Former head of state urges state governors to speak responsibly, reminding them of road to 1967-1970 civil war

General Abdulsalami Abubakar, who took over as head of state after the death of military leader Gen. Sani Abacha in 1998, stepped out of the shadows for a television interview on 18 February to warn state governors that the reckless accusations being thrown at political and regional rivals could fuel violence that would tear the country apart. He drew a chilling comparison with the prelude to the outbreak of civil war in 1967.

Although political and economic conditions in the country have changed radically over the last half-century, Abubakar and other soldiers who fought in the country's civil war from 1967-70 are alarmed by the deterioration of national security in the past decade.

A few days earlier, prominent journalist Kadaria Ahmed issued a call to her colleagues to guard against fuelling ethnic, regional and religious division in reports and analysis of violent incidents across the country.

This week, Nigeria has seen an alarming ratcheting up of communal clashes, insurgent attacks and violent crime. On 17 February armed men attacked Government Science College in Kagara in Niger State kidnapping around 30 students, following several other armed attacks in the Shiroro, Bossi and Mariga areas of the state.

Over the weekend of 13-14 February, Fulani and Yoruba youths clashed in the Sasha market area of Ibadan, Oyo State, in the south-west. About 20 people were killed and thousands more fled their homes after youths started burning down houses and shops.

State governors – Seyi Makinde (Oyo State) from the opposition People's Democratic Party and Rotimi Akeredolu (Ondo) from the ruling All Progressives' Congress – toured the area on 15 February trying to calm tensions. 

The clashes between the mostly Fulani cattle herders and settled farmers have shifted southwards from the middle belt where they blew up ahead of the 2019 elections. Now there are reports of clashes between herders and farmers across the south-west, parts of the Niger Delta and the south-east, all much more densely populated than the middle belt and northern states. 

The clashes are becoming more militarised. Herders are carrying AK47s and farmers are calling on local vigilantes, armed with more traditional weapons, to chase them out of the area. Local leaders such as Sunday Igboho, who leads a gang of vigilantes targeting suspected kidnappers, are raising the temperature.
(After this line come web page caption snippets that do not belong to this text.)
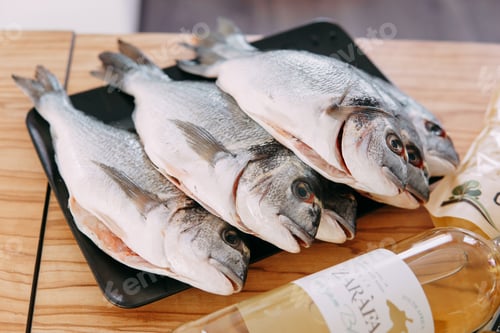 Preview: Raw Dorado fish on a black plate. Cooking Dorado in a cooking class. Raw fish, close-up.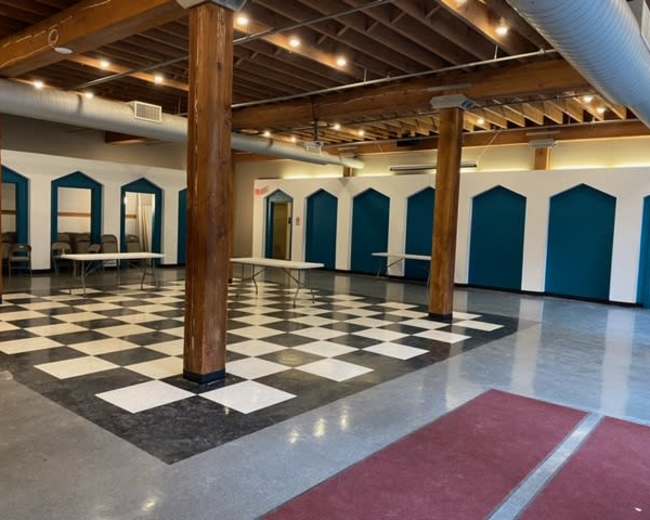 An empty indoor space with a checkered floor, wooden columns, and blue-tinted archways along the walls.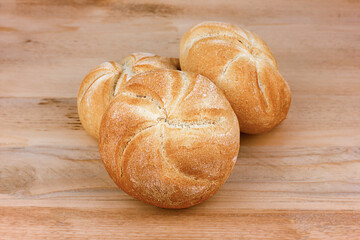 three buns on a wooden surface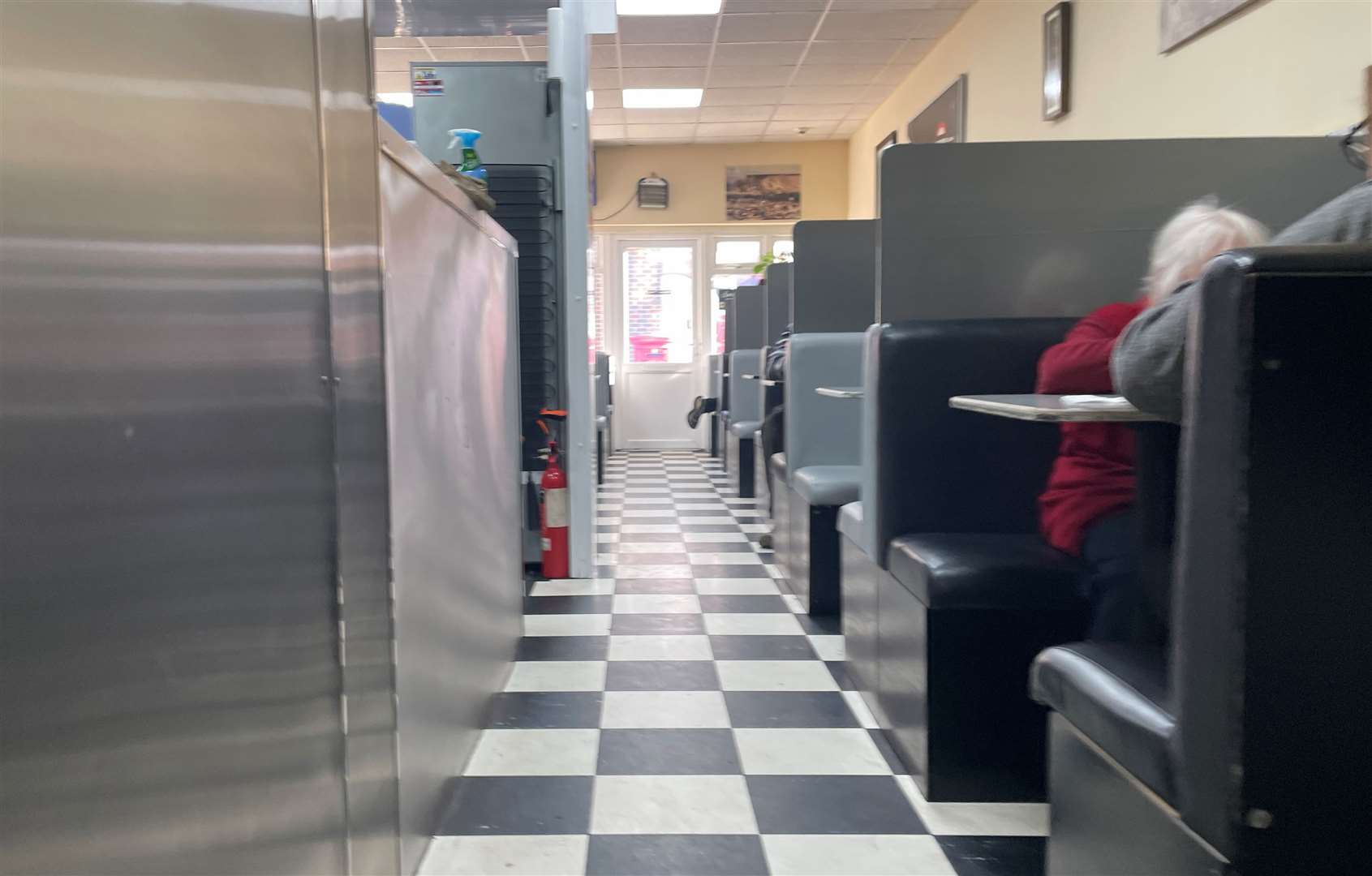 The black and white flooring and booths at the cafe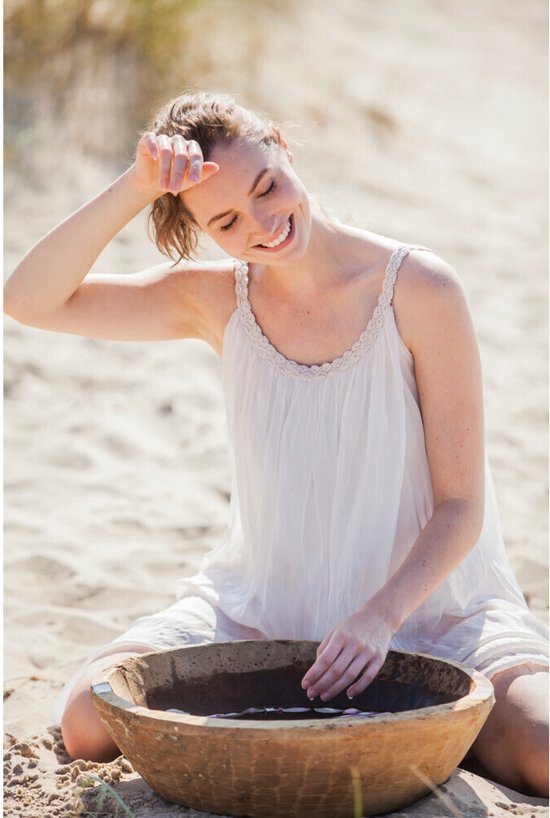 Vrouw met bruin haar, lachend, met witte jurk, op het strand, met hand in houten kom.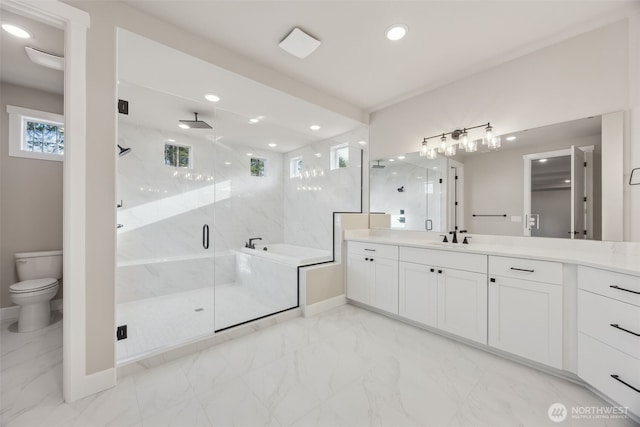 10630 134th Dr NE Unit 112, Lake Stevens, WA 98258 - bathroom featuring vanity, a marble finish shower, a bath, marble look tiles, and recessed lighting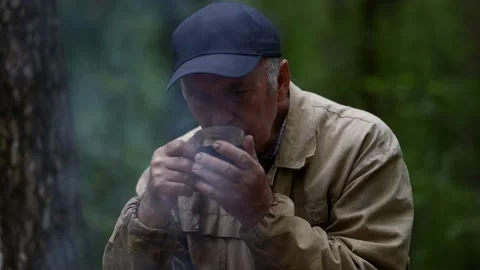 Portrait of an elderly man in a cap. he sits thoughtfully in the forest and Stock Footage 163662018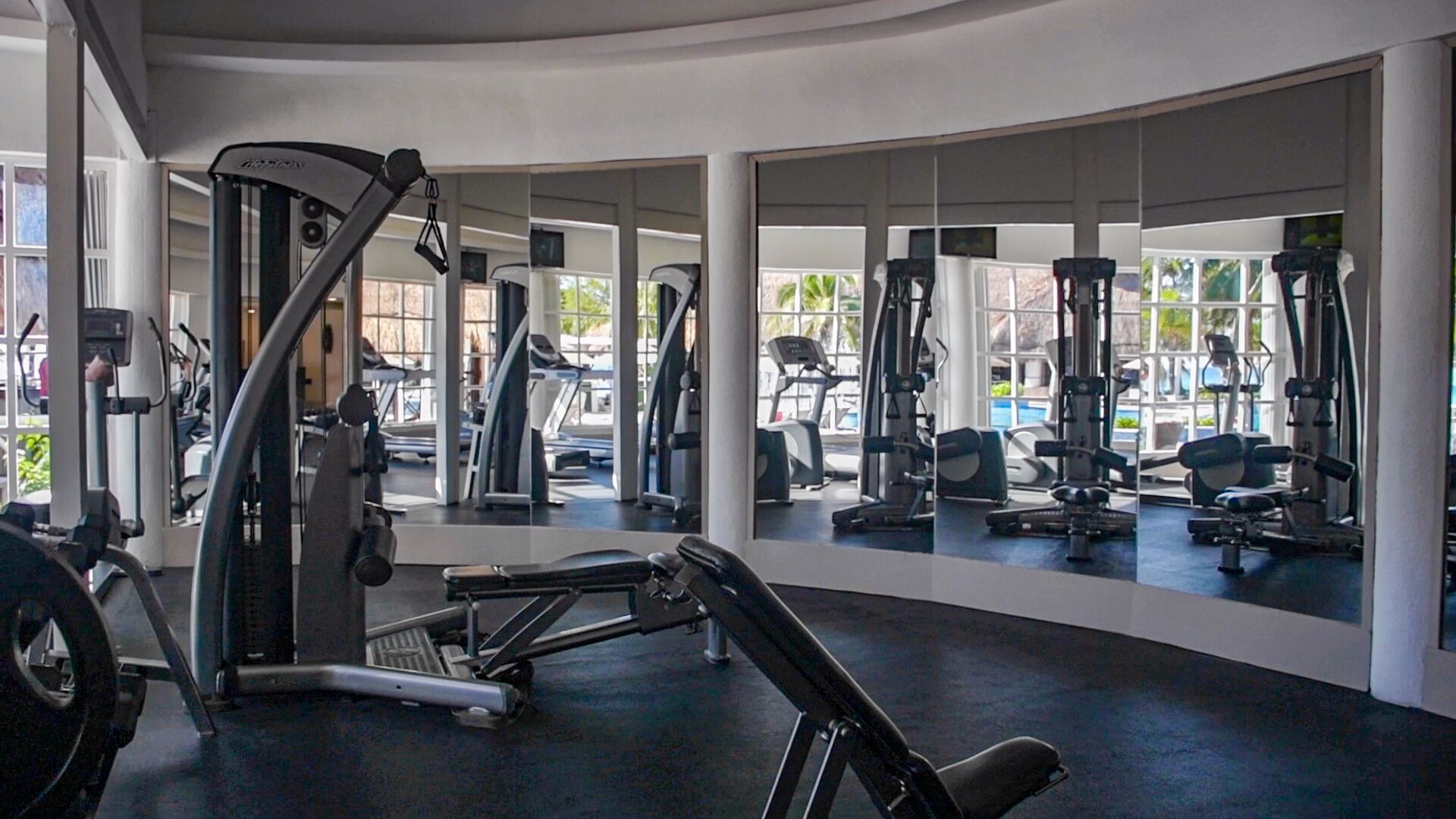 Un gimnasio con diversas máquinas de ejercicio, ventanas amplias y una distribución en forma de curva.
Akeredolu and Makinde both support the regional security formation, known as Amotekun, which is meant to protect farmers and arrest kidnappers and other violent criminals. Amotekun was set up to remedy the failures of the federal police to protect local community but there are concerns in Abuja that this will lead to the establishment of state police forces by stealth, adding to the already wide-ranging powers of state governors.

Taking a cue from this, the Indigenous People of Biafra, a secessionist group under the nominal leadership of Nnamdi Kanu, set up an armed wing known as the Eastern Support Network in December. It's not clear from where United States-based Kanu gets his funding but he's paying $80,000 a month to lobbyists Mercury Public Affairs in Washington DC to proselytise against President Muhammadu Buhari's government and call for the break-up of Nigeria.

In an escalation of hostilities with IPOB, which is proscribed in Nigeria, the air force was reported to have sent a helicopter gunship on 13 February to target the group's military bases in Orlu and Orsu, on the border of Imo and Anambra states. On the same day, ground troops raided homes in the area, searching for IPOB militants (AC Vol 62 No 3, The guard changes, at last & Vol 62 No 1, Ready to rumble).